Publié le : 20 janvier 20173 mins de lecture

Le 8 décembre 2012, en assistant à la projection du film Antigone au cinéma Le Méliès, avec les élèves, je me suis fait cette réflexion que ceux-ci vivaient plusieurs fois une expérience, une émotion. C’est tout de même une façon très singulière d’amener ces élèves dans une expérience intime, une expérience qui les transforme, qui les façonne trois fois de suite ! : texte – voyage – scène et écran. Ils sont acteurs d’une autre vie et créateurs des émotions qu’ils nous procurent.

Les images du film issues de toutes ces traversées dans l’espace et le temps, sont des images-mouvements. Chaque spectateur vit ce moment comme une expérience langagière. Avec des mots, des gestes, des sensations. Antigone entourée de tous ces personnages : je l’ai vu trois fois, trois fois en chair et en os, trois visages, trois voix, trois corps, je l’ai ressenti trois fois pendant leur voyage, sur les planches d’un théâtre, et sur la surface d’un écran de cinéma.

C’est pourquoi j’ai voulu encore revivre une autre expérience : celle du spectateur « en dessous de l’écran ». J’étais tout petit face à ces grands paysages et ces beaux visages. De surfaces mémorielles en surfaces mémorielles, je vivais une expérience unique qui n’a pas de nom, mais qui ressemble à un concept philosophique : mettre de la pensée entre les images, entre les émotions. Ma place de spectateur était devenue celle d’un acteur.

Pour reprendre le philosophe, Gilles Deleuze : « l’art consiste à libérer la vie que l’homme a emprisonnée . L’artiste c’est celui qui libère une vie, une vie puissante, une vie plus que personnelle, pas sa vie, mais la vie… »

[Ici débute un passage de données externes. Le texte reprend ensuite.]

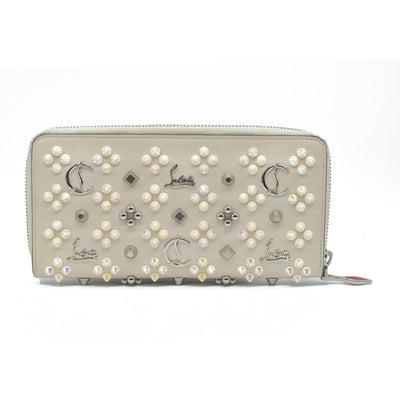 $950 CONSIGNMENT Christian Louboutin Panettone Long Wallet Cream with Loubinthesky Spikes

Pour reprendre le philologue, Heinz Wismann : « dans sa propre langue, il y a une autre langue à découvrir. Héraclite est le premier à avoir poser la question de la langue dans laquelle la pensée s’exprime. La langue dit la réalité mais ne coïncide pas avec la réalité. Cette distanciation est une chance à ne pas coller au réel que nos sens nous fournissent et qui nous envahissent. Le détour par la langue fait que nous nous distancions du réel, et nous pouvons entretenir avec la réalité un rapport « critique ».

Le magnifique travail de cet atelier, montre combien il me paraît important d’insérer des temporalités artistiques dans le quotidien scolaire, pour y glisser de la pensée, et ainsi permettre la possibilité d’une parole juste et belle.